*** Begin section ***

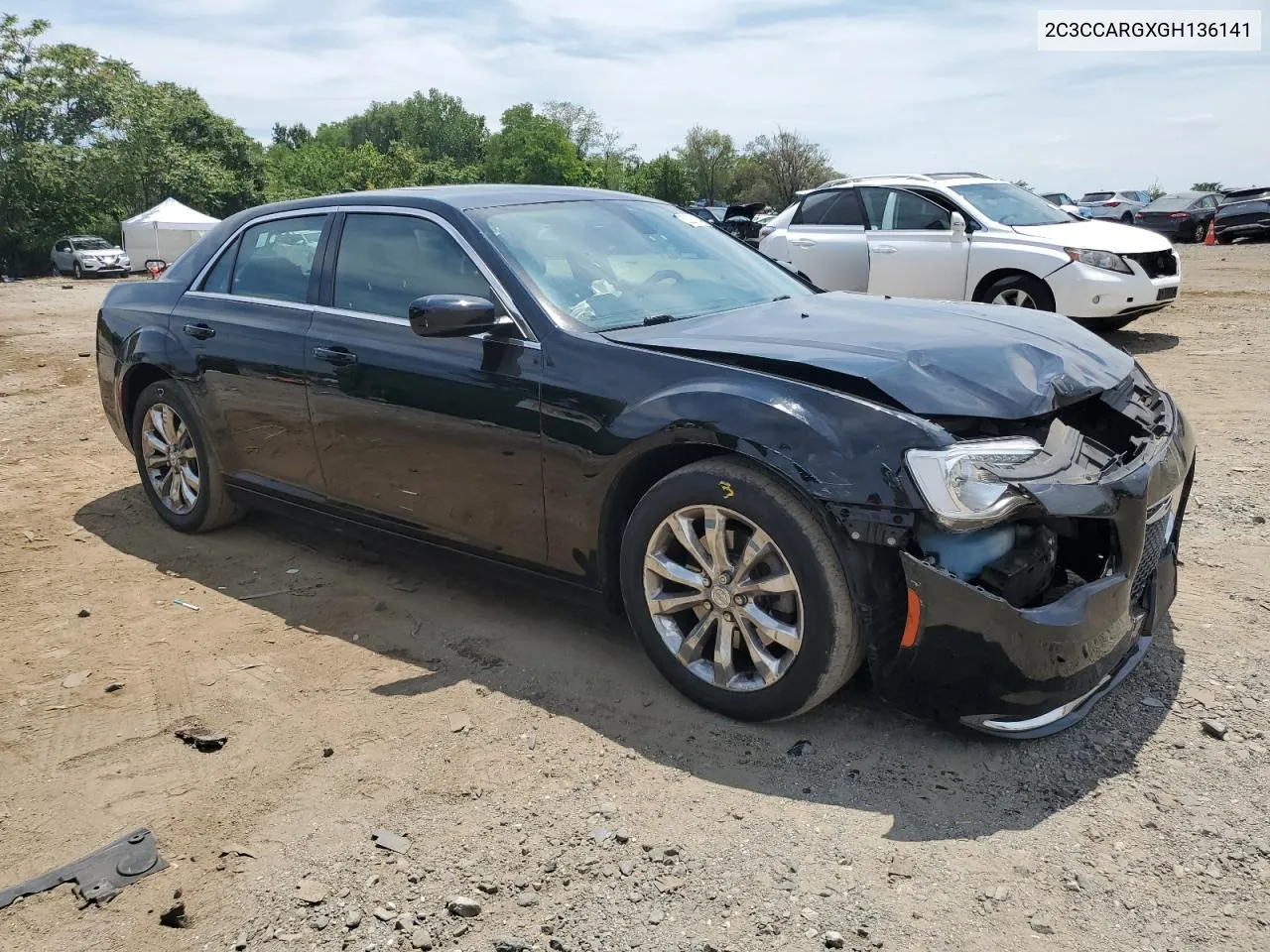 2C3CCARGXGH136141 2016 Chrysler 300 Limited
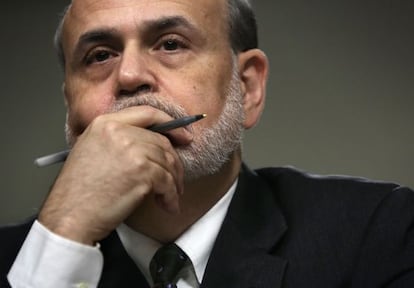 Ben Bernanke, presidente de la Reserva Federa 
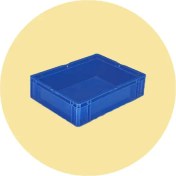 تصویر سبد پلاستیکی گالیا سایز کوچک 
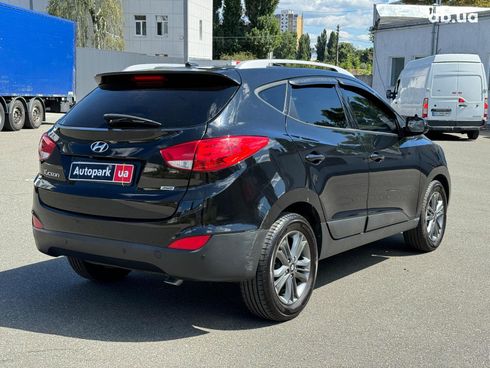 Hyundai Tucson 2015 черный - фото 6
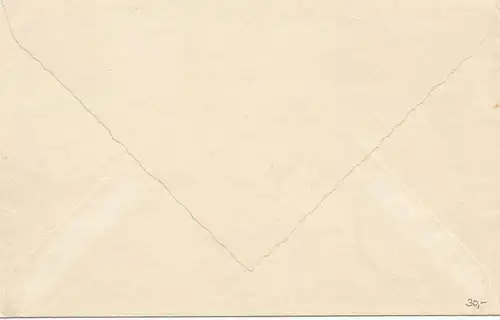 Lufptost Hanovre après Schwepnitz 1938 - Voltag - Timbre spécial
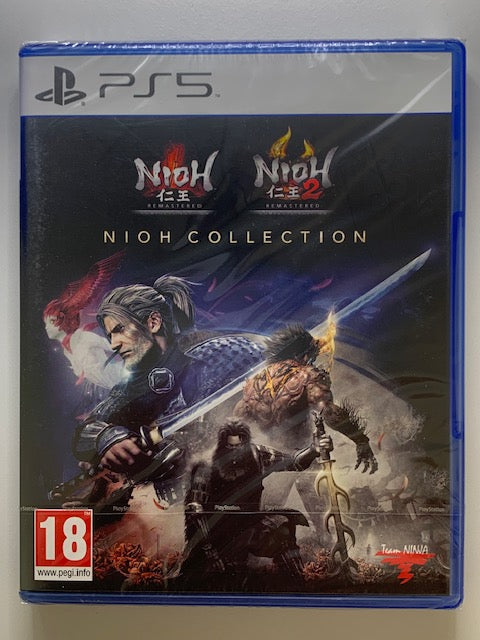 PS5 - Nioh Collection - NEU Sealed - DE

*** End section ***

The reply must contain every entry above, exactly as written, and none of the pictures.

→ COMPLETED TASK:
 2C3CCARGXGH136141 2016 Chrysler 300 Limited
 Ben Bernanke, presidente de la Reserva Federa 
 تصویر سبد پلاستیکی گالیا سایز کوچک 
 Hyundai Tucson 2015 черный - фото 6
 Lufptost Hanovre après Schwepnitz 1938 - Voltag - Timbre spécial
 PS5 - Nioh Collection - NEU Sealed - DE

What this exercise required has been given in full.